Держа пушистую вещицу на ладони, я стиснул ее пальцами и говорю, сколько с меня. Гинея. Стало быть, фунт и еще шиллинг. Я так вздохнул, как будто напоследок перед смертью. По временам мне кажется, что фунтов на мою долю хватает, даже стопочкой сложены в столе: выдвинуть и любоваться. Но фунт — это фунт, даже и в стопочке. Хотя опять-таки, посмотришь ночью на это сонное сопящее личико, и вот слеза, в глазах все зыбится, а попросить игрушку, так ли это много. Причем не тот я человек, чтоб тратиться на фасонистые финтифлюшки. А этот медвежонок — он из губки, его можно мыть, и он будет служить годами. Что ж, мадам, получите с меня этот фунт.

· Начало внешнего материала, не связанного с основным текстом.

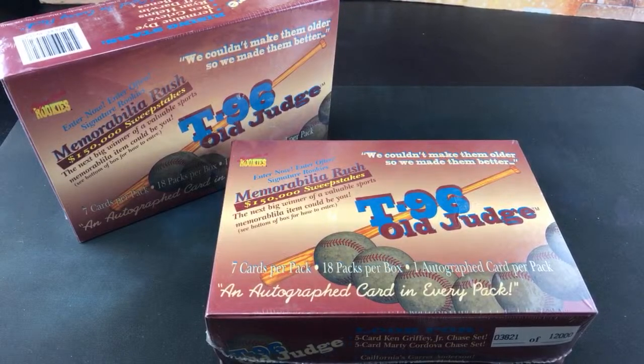Hey, welcome back to The Past is Alive, another episode of Turn Back the Clock Tuesday. Tonight we're heading back to 1996 with a rather questionable product. We have two boxes of the Signature Rookies T96 Old Judge, one autograph card per pack.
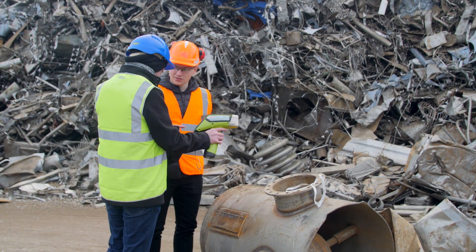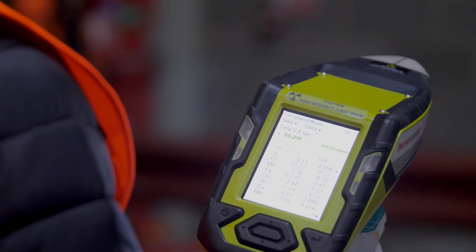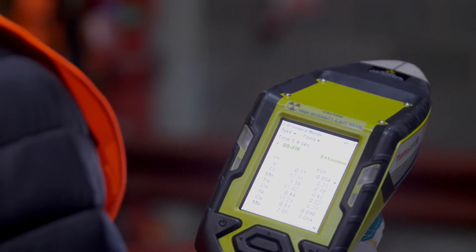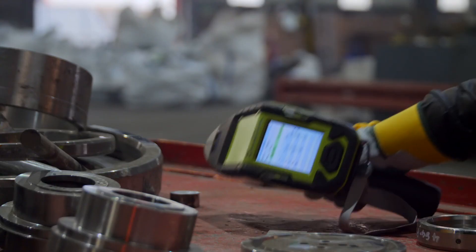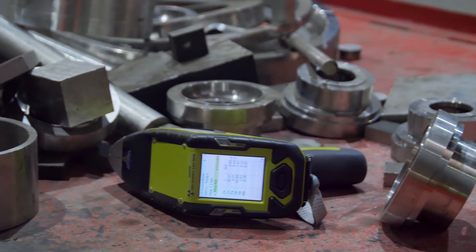We have over 20 of the Niton analyzers in use here in the UK alone. We find them extremely useful. They keep us at the forefront of a changing world. They help us on an hourly, a daily basis. They are an integral part of our business.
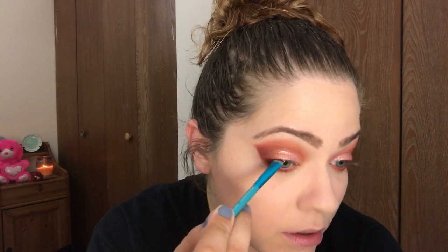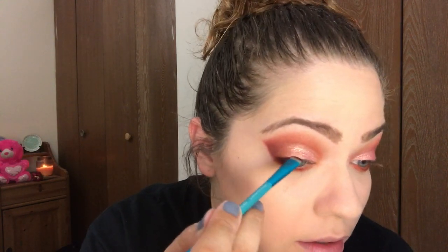Then I'm taking a pencil brush with that lighter transition color and running it on the bottom of the color we just put down. Next I'm picking up the deeper wine red color on a smudger brush and smudging that along the lower lash line, then taking some of that wine color on the same brush and dragging it upward along the outer half of the upper lash line.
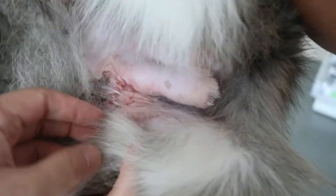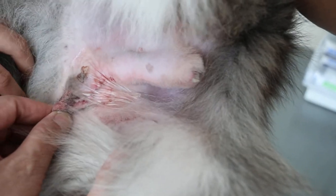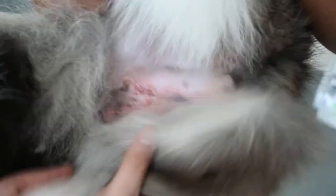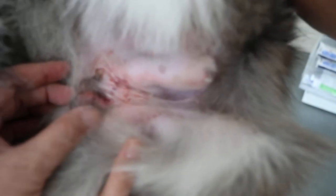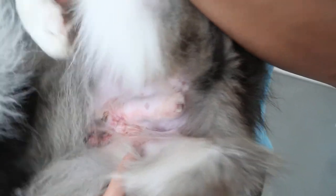The important thing is because the dog will lick it, this part will become swollen. If they don't run too much, actually they should be okay. So I apply the cream every day.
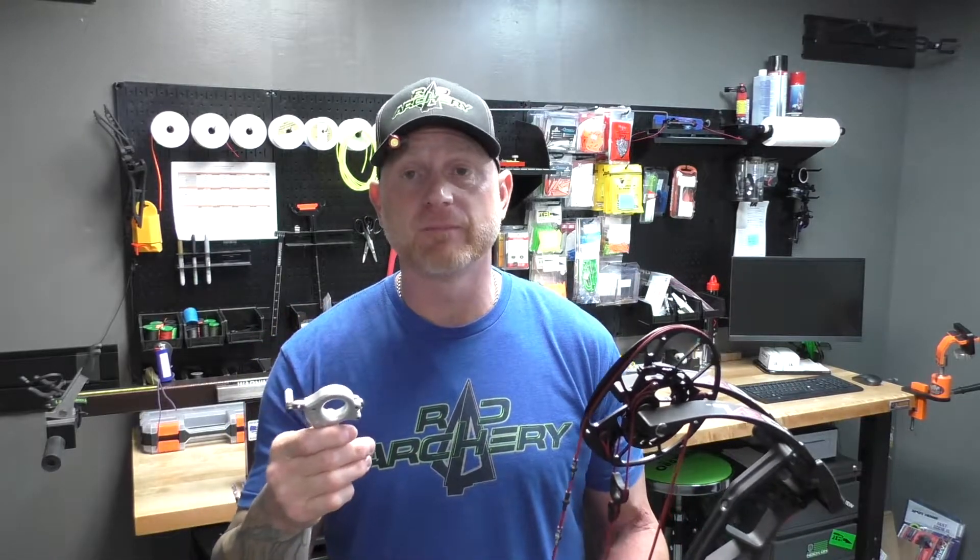Unless you set it heavier than it needs to be. To start off, I usually set this about five pounds over hold weight — that seems like a good number. Once you get used to it, which happens fairly quickly, you'll probably want to lower it after a few days. I shoot mine around two to three pounds over hold weight, and that seems to work for me.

С медведем, угнездившимся на сгибе локтя, я влез в автобус по имени двадцать второй. Сидел на верхнем этаже спереди, глядя вниз на залитые солнцем толпы. Лица у всех довольные. Чепчики и кудряшки так и мельтешат, снуют под ногами. А этот мишка — он даже прыгать может, и вообще он вечный. Сквозь скверик с фонтанчиком, накрапывающим посредине, и мимо места, где у них пара большущих пушек, которые так и кажется — вдруг как бабахнут. Дома подсвечены, чтоб подороже сдать, и кафетерии с налетом роскоши. Там болтовня, сигарный дым и хохот. Я всех люблю.
И вот приехал, этот уголочек у реки — мой дом, тут я соскакиваю и пробираюсь между грузовиками к своему судну, подрагивающему на волне. Мой гордый флаг реет на корме. Снизу слышится гулюканье матери над ребенком. Бывает, мне приходит в голову, что для отца я молод слишком, но уж назад не повернешь. Может быть, нынче к обеду отбивная, да с чесночком, а позже можно опять будет выйти и смотреть на реку, как мост вспыхивает огоньками — пузырьки света скачут по стали. Столько удовольствий еще ждут меня впереди.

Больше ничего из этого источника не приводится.